___ GIVEN DATA ___

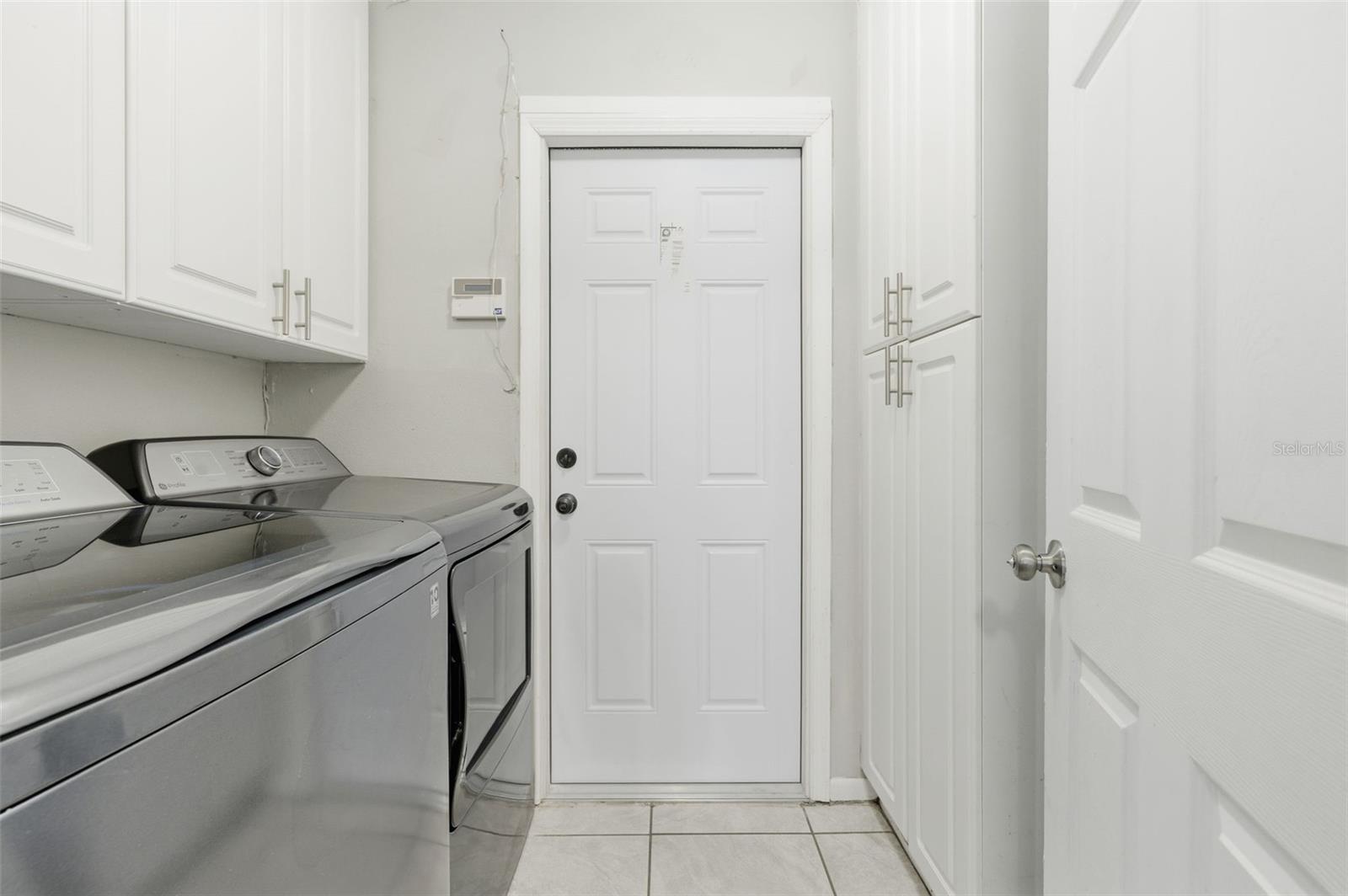 4533 LAKESHORE AVE, SPRING HILL, FL, 34606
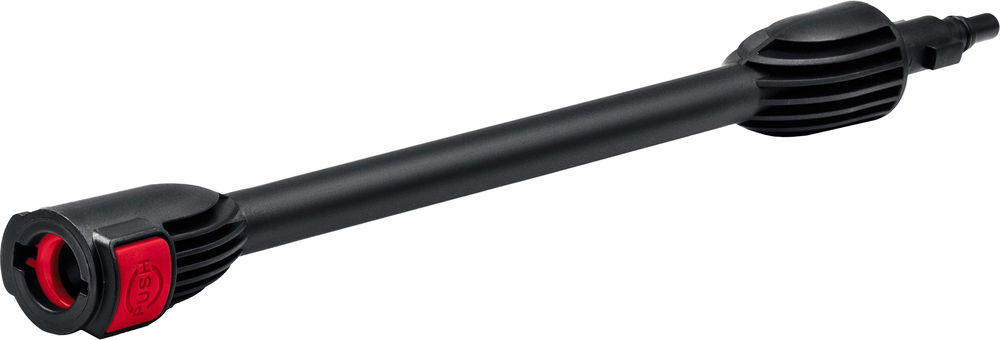 Трубка струйная для пистолета МИГ-180 ЗУБР 70406-180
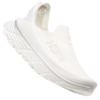 Кроссовки унисекс HOKA RESTORE TC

___

[PROBLEM DETAILS]: Where a picture appears, omit it, and otherwise retype the material exactly.

[TASK ANSWER]:
 4533 LAKESHORE AVE, SPRING HILL, FL, 34606
 Трубка струйная для пистолета МИГ-180 ЗУБР 70406-180
 Кроссовки унисекс HOKA RESTORE TC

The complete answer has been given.